| Collected material |
┄┄┄┄┄┄

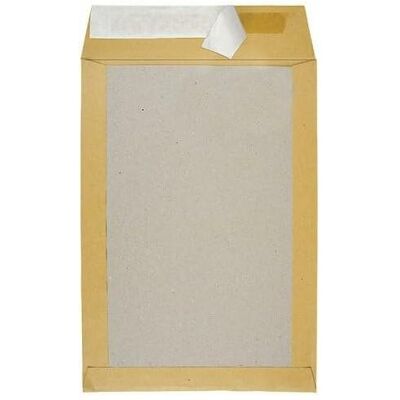 Enveloppes MAILmedia B4 - Résistantes, Sans Fenêtre, 100 Pièces - Publicité Enveloppes MAILmedia B4 - Résistantes, Sans Fenêtre, 100 Pièces - Publicité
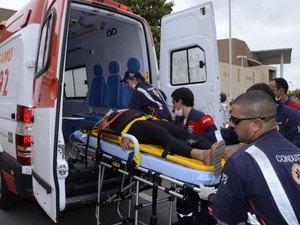 Mais de 67 mil atendimentos foram realizados nas Unidades da Sesau em junho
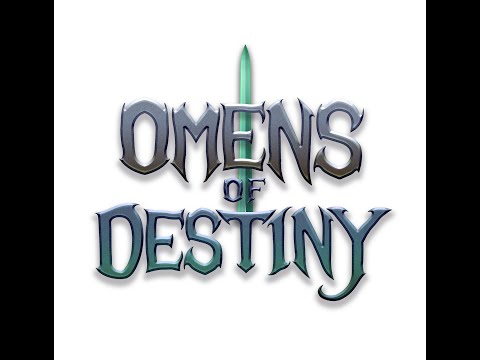 Omens of Destiny Overview Interview by Bower's Game Corner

┄┄┄┄┄┄

| Task item |
Since the pictures are not wanted, give the material again exactly without them.

| Exercise output |
 Enveloppes MAILmedia B4 - Résistantes, Sans Fenêtre, 100 Pièces - Publicité Enveloppes MAILmedia B4 - Résistantes, Sans Fenêtre, 100 Pièces - Publicité
 Mais de 67 mil atendimentos foram realizados nas Unidades da Sesau em junho
 Omens of Destiny Overview Interview by Bower's Game Corner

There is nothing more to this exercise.